日大は「まともに取り合ってくれなかった」元部員が告白
裁判資料によれば、難波監督らは日大が把握できている範囲で少なくとも123人の部員をだまし、詐取した額は3795万円にのぼる(後の日大の発表では、被害額は5300万円にのぼると日大は主張)。
難波容疑者は学生らからお金をだまし取るときに、「2年目以降スポーツ奨学生として申請予定。1年目のみお支払いください」と虚偽の記載をした請求書を保護者らに送付していた。

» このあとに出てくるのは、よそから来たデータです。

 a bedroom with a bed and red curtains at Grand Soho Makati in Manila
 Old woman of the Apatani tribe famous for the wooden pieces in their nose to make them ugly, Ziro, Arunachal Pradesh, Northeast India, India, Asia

振り込み先口座は重量挙げ部の口座だった。
その使い道について日大側は、「重量挙げ部の活動に使用する一方で、家族や知人の飲食等に消費するなどしていた」と主張している。
取材を続けると、日大の対応に問題があると指摘をする別の元部員B氏や、当時の現役部員のC氏からも話を聞けた。「学費の不正徴収問題以外にもトラブルがあったが、日大はまともに取り合ってくれなかった」とB氏は明かす。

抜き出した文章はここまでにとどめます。